The calls for help from the British authorities in Sierra Leone and the French in Senegal were heeded to, first by the French. They dispatched Commandant Louvel (Louvel Square in Banjul is in his honor) from Goree aboard the man-of-war Bordelaise. His task was to fortify the defenses of Bathurst. As part of the fortification of Bathurst,
all, who could carry arms, were drilled and enrolled in a militia, even the native women and children carried stones for the erection of the new fort. Mrs. Moister and her school girls at the Weslyan Mission were busily employed in making sandbags for the erection of movable batteries. Sentinels were also appointed to keep a strict look out, that they might give an alarm in case the enemy should attempt to land on the island.
The people of Niumi clearly had no intent of attacking Bathurst because Commandant Louvel’s arrival was on September 8th, 1831; over two weeks since the people of Essau pursued the colonial forces from Essau into the river while they scrambled on to their boats. If they had any intention of following up their success, they had enough time to storm Bathurst before it was more fortified.
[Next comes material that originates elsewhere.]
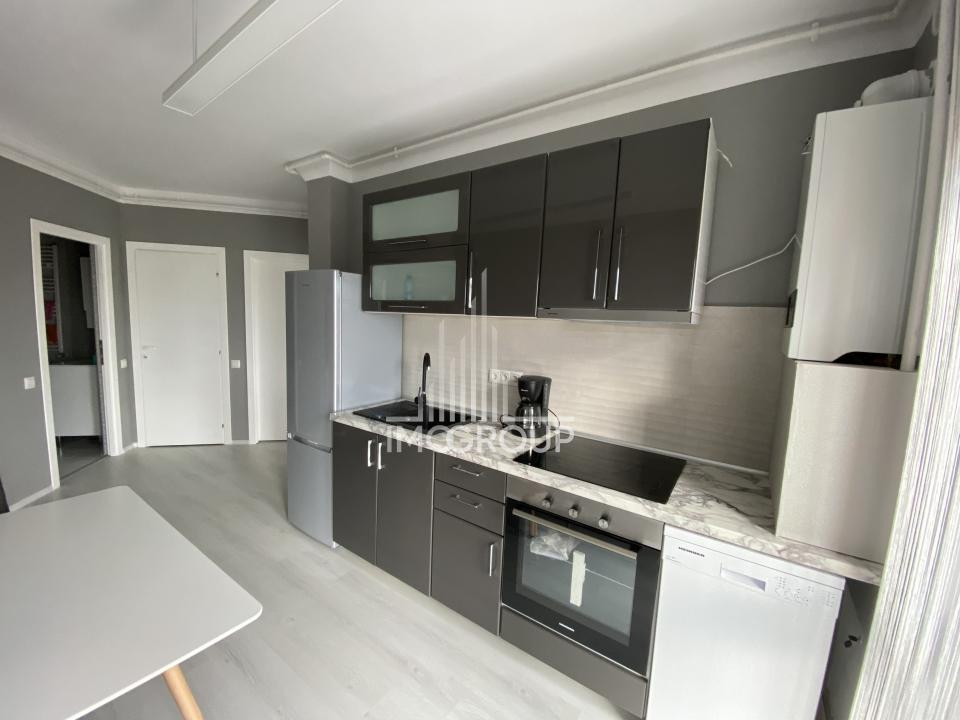 Apartament modern cu 3 camere de inchiriat | Mărăști – Str. Fabricii, parcare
It was apparent their only goal was to keep the British out of the Ceded Mile.
After Bathurst was fortified, on September 15th, Commandant Louvel led the Bordelaise and a few boats, accompanied by men of the West India Regiment and the local militia across the river to Barra point to recover that base, they were unsuccessful as the people of Niumi were “strongly entrenched and could not be dislodged by artillery fire.” Commandant Louvel could not land on that occasion and lost a few men when one of the attacking vessels had a gun powder explosion on board, he returned to Bathurst. Upon arrival at Bathurst, he sent further appeals for reinforcement to Senegal. It appears the people of Niumi were more resilient than anticipated and it will require a much larger force to subdue them.
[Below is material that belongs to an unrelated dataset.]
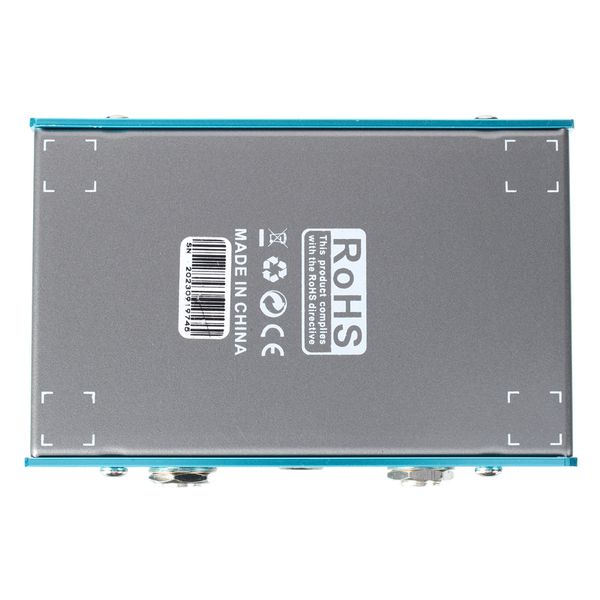 Yuer YF-40 Ten Band EQ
On October 10, 1831, the French Governor himself, Renault St. Germain responded in person with a contingent of “sailors and marines” but he waited for the British reinforcements to arrive from Sierra Leone before attacking. That reinforcement would arrive on November 5th, and two days later, on November 7th, 1831 the joint British, French and local militia forces headed for Barra point.
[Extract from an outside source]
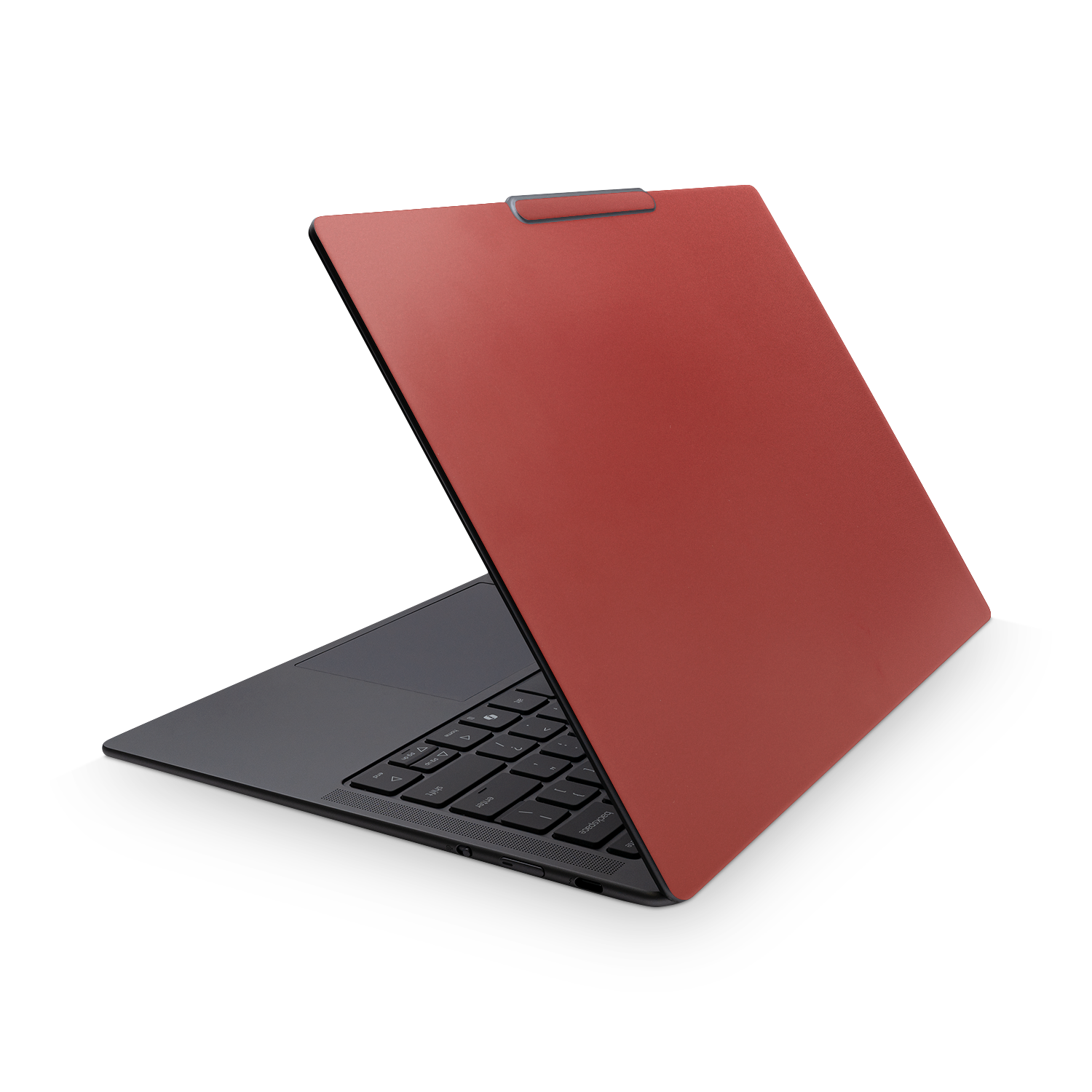 Lenovo Slim 7 Aura Gen 11 2026 Essentials Vampire Red Skin Wrap Cover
Under cover of bombardment, they landed but faced fierce hand to hand bayonet combat with the people of Niumi. They were finally subdued from Barra point and they retreated to Essau. On November 17th, the contingent attacked Essau; “the place was bombarded with some small field pieces but the enemy returned a vigorous fire. The artillery did little damage and after five hours’ fighting, ammunition began to run short.” The commanders noticed that the enemy was making maneuvers that looked like they were attempting to encircle the attackers. “The order was thereupon given to fall back to Barra Point”.
The natives’ stronghold at Essau could not be taken yet again, the British and French combined forces had to retreat to Barra Point and wait for more reinforcements. On December 7th, further reinforcements arrived from Sierra Leone but another attack on Essau was not renewed.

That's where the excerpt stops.